Le Quai d’Orsay embarrassé
Le cabinet du ministre français des Affaires étrangères a sorti sa boule de cristal pour évaluer le scénario le plus plausible et permettre au Président de la République d’adapter ses discours une fois la décision prise par la Cour constitutionnelle. Un point d’autant plus important que le chef de l’État français préside l’Union Européenne et que les diplomates savent combien il sera difficile de faire parler d’une même voix les membres de l’UE. Les Allemands ont déjà une position tranchée, plutôt favorable à l’AKP…
Selon des membres du Quai d’Orsay, la décision prise par la Cour constitutionnelle, le 5 juin dernier sur l’amendement sur la libéralisation du port du voile dans les universités, donne un avant-goût de celle qu’elle pourrait prendre à l’encontre de l’AKP, en l’espèce son interdiction. Toujours selon le Quai, elle devrait être prise dans les prochaines semaines et, en tout cas, avant l’automne. Elle serait finalement relative puisqu’elle ne devrait pas s’accompagner d’une interdiction de poursuivre une activité politique des 71 membres visés par la procédure et ne toucherait donc pas le Président Gul ou son Premier ministre Erdogan. Ceci laisserait la porte ouverte à la création d’un nouveau parti politique que conduirait l’actuel chef du gouvernement.

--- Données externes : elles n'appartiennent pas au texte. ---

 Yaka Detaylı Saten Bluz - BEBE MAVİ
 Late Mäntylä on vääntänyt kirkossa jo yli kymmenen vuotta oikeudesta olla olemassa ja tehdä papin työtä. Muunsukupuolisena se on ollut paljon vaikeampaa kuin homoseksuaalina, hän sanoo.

Les différents scénarii du Quai d’Orsay
Les Kémalistes ont pourtant un objectif : écarter le Premier ministre qui, par sa forte personnalité, a su rassembler des courants politiques différents, voire opposés. Pour cette raison, il n’est pas à exclure un durcissement de la position de la Cour qui pourrait interdire pour une durée de 5 ans l’exercice d’un mandat pour tout ou partie des membres de l’AKP tout en laissant, pour un temps, la magistrature suprême à Abdullah Gul, le président turc. À n’en pas douter, une telle éventualité bouleverserait le paysage politique local.
La Cour constitutionnelle pourrait être plus clémente qu’il n’y paraît en première lecture. Dans les semaines à venir, elle n’interdirait pas l’AKP et se contenterait de formuler des recommandations. La démarche juridique serait un avertissement fait au pouvoir en place, lui faisant clairement comprendre qu’il n’avait pas intérêt à poser, à l’avenir, de nouveaux amendements visant à modifier la constitution. Les attendus de son jugement pourraient clairement expliciter cette position. L’AKP devrait désormais s’aligner scrupuleusement sur les textes fondamentaux.
Cette position, même si elle est jugée peu crédible par les autorités françaises, a été rapportée à Ankara dans les différents milieux diplomatiques européens. Même si des variantes juridiques peuvent compléter cette analyse, notamment une interdiction d’exercer la vie politique pour quelques députés, dont le Premier ministre Erdogan, sans interdire l’AKP, un constitutionnaliste turc, proche du dossier, maintient qu’il faut s’attendre à une position modérée de la Cour.
Un signal fort pour l’Europe
Cette affaire de voile risque d’avoir une incidence importante sur l’évolution des négociations entre l’Union Européenne et la Turquie. Recep Tayyip Erdogan est un européen convaincu. Cette prise de position ne satisfait pas tous ses compatriotes, notamment les durs du Kémalisme. Par ailleurs, il y a une donnée qu’il ne faut pas écarter de l’analyse : les trois quarts de la population turque sont sunnites et le quart restant alévis, mouvement religieux proche du chiisme. En d’autres termes, il est difficile de craindre une évolution de type iranien et très relatif de s’inquiéter d’une déviance à la saoudienne.